The calendars peel like dead skin.
There’s a fog drifting through our feelings.
And there’s this car careening through guardrails of history.
In the end we have only ourselves to hold.
RE-HAB IS FOR QUITTERS says the bumper sticker ahead.
IF YOU CAN READ THIS YOU ARE TOO CLOSE,
says another, but we never are, are we?
We hardly ever know even who we are.
At least love keeps filling the rear view
mirror no matter how far we go. Now the first light
spills across the spine of our desire. We are all
awake now. If only we could restore the burnt out stars
that hover over that girl and her brother. If only
any of us were real. Maybe then
we could decide what fictions to believe.
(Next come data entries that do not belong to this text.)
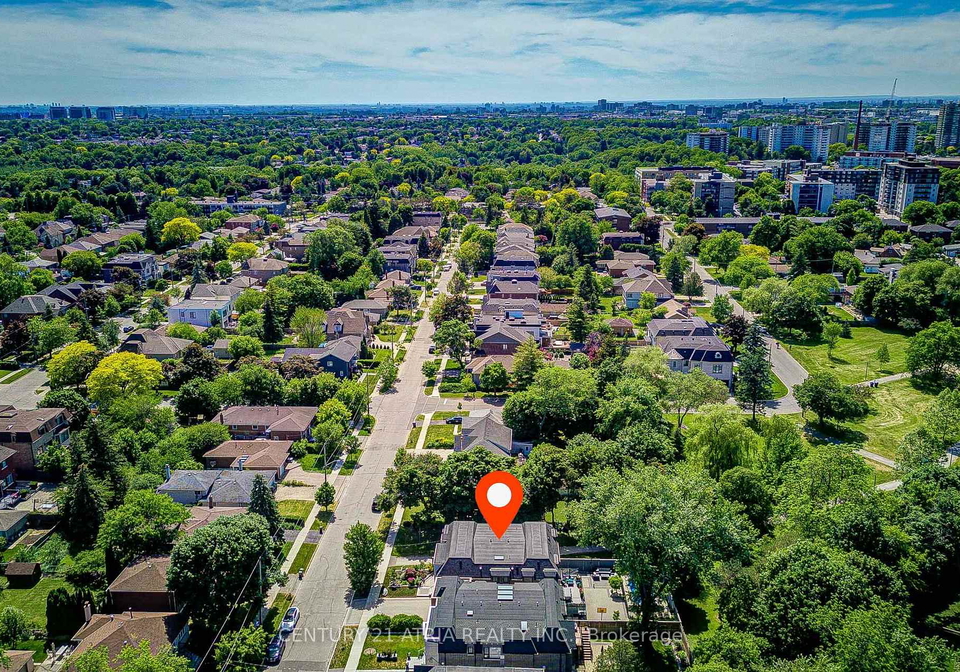 460-hounslow-avenue-toronto-ontario-c13447122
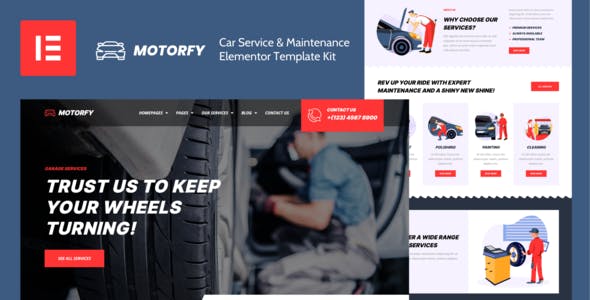 motorfy car service maintenance elementor template kit.jpg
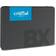 Crucial BX500 CT4000BX500SSD1 4TB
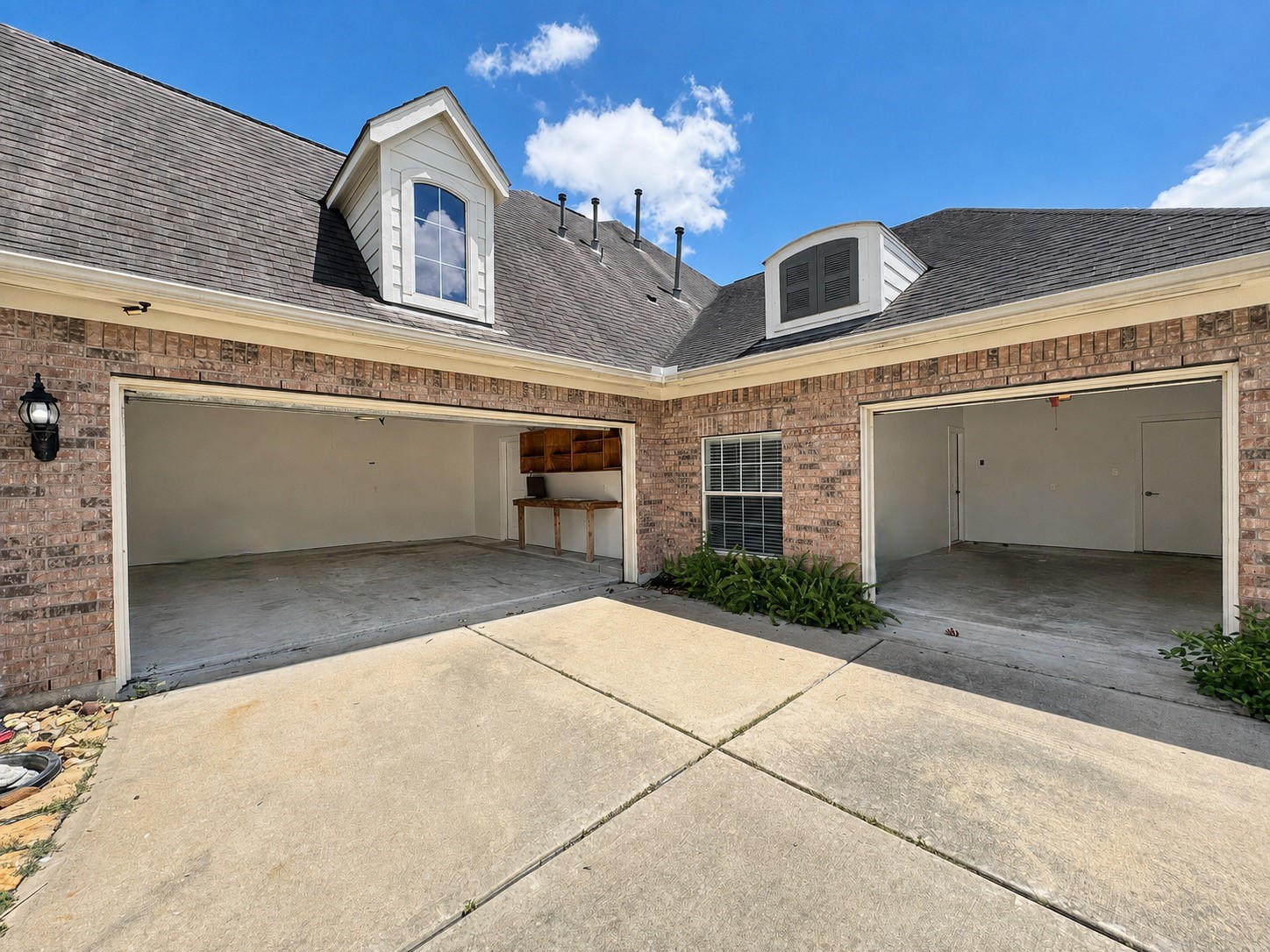 3301 Elm Creek Drive Property Photo 40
Which is why, when I am myself, as I have been
for the last few minutes here, the music
climbs back into the piano, the stars fall like scales
off a struggling fish, our loves seem to be held in transit
like lost postal packages, but the airport is up ahead,
the girl and boy fade into a nervous breeze,
and every journey is a fountain filling with trees
of water that can’t escape, and there’s a hole
in the grounded boat the boys have tipped
over, but when I look down at the water that’s never there
the face that floats to the surface is always my own.